- _Work to be completed_:
Find the line containing "Future Oceans LAB" in the entries below. Restate it and each line after it, word for word, up to and including the line containing "moparpartsgiant19-4505359".

[Extracted entries Boundary: Start]

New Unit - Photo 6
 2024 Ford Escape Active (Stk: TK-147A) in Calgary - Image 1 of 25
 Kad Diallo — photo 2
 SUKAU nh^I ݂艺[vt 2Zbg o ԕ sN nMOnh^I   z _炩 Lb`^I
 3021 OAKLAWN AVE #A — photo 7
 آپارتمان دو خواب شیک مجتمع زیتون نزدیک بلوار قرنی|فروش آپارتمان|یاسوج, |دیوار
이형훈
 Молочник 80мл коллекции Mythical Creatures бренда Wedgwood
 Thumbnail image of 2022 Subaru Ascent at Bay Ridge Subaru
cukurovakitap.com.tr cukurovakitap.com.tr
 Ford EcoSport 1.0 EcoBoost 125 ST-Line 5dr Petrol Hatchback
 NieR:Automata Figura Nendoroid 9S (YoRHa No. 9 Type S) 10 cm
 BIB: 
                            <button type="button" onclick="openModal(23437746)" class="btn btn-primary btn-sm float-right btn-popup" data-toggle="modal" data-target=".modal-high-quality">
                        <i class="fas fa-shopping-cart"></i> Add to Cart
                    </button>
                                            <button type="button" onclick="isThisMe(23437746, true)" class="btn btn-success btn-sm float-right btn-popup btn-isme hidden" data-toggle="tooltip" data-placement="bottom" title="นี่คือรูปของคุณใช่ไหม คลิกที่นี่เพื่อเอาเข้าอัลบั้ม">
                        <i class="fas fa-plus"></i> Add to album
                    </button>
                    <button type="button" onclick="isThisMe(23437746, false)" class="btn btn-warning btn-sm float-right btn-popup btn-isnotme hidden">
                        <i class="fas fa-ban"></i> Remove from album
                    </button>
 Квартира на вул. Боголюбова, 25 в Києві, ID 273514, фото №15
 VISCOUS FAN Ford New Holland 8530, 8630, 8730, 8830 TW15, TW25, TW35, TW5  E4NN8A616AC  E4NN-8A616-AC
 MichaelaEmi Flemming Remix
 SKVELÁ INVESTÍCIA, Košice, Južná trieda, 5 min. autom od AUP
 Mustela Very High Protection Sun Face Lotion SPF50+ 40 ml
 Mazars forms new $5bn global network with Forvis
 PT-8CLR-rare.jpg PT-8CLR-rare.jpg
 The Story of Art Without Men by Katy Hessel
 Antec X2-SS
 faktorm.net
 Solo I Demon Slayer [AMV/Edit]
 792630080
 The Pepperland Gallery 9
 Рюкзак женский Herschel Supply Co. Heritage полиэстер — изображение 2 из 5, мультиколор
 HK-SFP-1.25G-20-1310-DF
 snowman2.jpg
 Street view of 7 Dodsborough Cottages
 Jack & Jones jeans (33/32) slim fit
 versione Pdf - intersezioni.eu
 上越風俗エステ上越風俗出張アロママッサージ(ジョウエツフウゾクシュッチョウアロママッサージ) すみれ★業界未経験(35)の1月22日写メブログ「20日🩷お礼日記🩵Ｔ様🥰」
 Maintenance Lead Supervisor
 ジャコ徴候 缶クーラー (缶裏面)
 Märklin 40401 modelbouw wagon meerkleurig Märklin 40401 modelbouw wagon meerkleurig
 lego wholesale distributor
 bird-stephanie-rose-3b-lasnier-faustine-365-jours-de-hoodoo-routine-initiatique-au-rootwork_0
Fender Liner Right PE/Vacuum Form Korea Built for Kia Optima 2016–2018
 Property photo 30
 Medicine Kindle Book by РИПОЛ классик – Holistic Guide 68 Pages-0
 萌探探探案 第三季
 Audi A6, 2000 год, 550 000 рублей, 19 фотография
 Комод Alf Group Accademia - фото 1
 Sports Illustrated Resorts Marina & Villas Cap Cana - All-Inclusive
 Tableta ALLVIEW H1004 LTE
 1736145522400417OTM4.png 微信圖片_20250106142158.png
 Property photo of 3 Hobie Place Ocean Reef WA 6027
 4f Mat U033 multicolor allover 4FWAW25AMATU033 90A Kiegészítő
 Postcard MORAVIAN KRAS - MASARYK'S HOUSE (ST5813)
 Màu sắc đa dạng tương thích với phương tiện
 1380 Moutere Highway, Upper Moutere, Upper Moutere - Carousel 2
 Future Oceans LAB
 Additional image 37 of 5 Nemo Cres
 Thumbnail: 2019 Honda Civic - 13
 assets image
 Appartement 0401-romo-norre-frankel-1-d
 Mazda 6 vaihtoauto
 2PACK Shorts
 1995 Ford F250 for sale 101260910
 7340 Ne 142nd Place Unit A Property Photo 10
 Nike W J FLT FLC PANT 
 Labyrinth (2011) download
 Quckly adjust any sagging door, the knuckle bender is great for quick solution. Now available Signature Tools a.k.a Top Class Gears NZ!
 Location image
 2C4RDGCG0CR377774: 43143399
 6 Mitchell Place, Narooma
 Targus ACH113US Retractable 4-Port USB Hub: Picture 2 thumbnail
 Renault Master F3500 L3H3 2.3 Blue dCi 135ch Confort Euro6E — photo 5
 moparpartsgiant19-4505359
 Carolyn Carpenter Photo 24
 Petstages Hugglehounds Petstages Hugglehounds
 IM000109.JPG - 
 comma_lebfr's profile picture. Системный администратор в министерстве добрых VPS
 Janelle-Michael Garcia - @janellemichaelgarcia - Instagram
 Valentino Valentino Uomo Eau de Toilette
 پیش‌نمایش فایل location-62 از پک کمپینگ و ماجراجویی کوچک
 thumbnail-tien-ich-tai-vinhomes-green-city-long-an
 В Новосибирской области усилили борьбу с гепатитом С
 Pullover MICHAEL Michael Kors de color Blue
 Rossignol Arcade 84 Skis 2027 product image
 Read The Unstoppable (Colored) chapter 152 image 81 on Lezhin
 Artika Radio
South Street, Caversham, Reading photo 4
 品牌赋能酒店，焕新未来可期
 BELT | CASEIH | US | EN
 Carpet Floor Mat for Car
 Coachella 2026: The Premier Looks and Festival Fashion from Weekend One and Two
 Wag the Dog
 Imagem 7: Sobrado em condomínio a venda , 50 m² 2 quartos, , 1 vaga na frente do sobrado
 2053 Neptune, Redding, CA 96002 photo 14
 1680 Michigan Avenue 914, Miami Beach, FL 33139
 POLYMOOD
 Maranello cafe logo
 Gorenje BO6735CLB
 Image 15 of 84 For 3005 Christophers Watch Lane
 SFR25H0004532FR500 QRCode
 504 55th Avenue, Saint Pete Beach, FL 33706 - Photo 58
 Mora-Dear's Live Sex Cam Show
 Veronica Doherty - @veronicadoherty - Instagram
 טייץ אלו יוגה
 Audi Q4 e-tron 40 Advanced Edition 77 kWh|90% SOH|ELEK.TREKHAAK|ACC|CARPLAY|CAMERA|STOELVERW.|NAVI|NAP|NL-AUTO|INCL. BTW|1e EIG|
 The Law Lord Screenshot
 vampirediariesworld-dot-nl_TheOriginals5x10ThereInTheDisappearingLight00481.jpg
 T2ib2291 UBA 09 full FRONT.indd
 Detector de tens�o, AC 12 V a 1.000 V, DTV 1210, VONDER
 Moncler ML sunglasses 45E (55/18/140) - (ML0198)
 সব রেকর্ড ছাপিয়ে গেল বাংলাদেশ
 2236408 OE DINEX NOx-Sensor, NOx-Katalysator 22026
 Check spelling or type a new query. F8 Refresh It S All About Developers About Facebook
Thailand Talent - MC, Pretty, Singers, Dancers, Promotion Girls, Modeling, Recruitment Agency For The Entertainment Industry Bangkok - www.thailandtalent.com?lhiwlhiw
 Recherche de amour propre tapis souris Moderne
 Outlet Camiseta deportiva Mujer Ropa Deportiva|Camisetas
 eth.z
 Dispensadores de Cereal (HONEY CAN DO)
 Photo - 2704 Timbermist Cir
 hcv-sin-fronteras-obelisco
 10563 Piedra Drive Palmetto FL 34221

[Extracted entries Boundary: End]

- _Solution to the problem_:
 Future Oceans LAB
 Additional image 37 of 5 Nemo Cres
 Thumbnail: 2019 Honda Civic - 13
 assets image
 Appartement 0401-romo-norre-frankel-1-d
 Mazda 6 vaihtoauto
 2PACK Shorts
 1995 Ford F250 for sale 101260910
 7340 Ne 142nd Place Unit A Property Photo 10
 Nike W J FLT FLC PANT 
 Labyrinth (2011) download
 Quckly adjust any sagging door, the knuckle bender is great for quick solution. Now available Signature Tools a.k.a Top Class Gears NZ!
 Location image
 2C4RDGCG0CR377774: 43143399
 6 Mitchell Place, Narooma
 Targus ACH113US Retractable 4-Port USB Hub: Picture 2 thumbnail
 Renault Master F3500 L3H3 2.3 Blue dCi 135ch Confort Euro6E — photo 5
 moparpartsgiant19-4505359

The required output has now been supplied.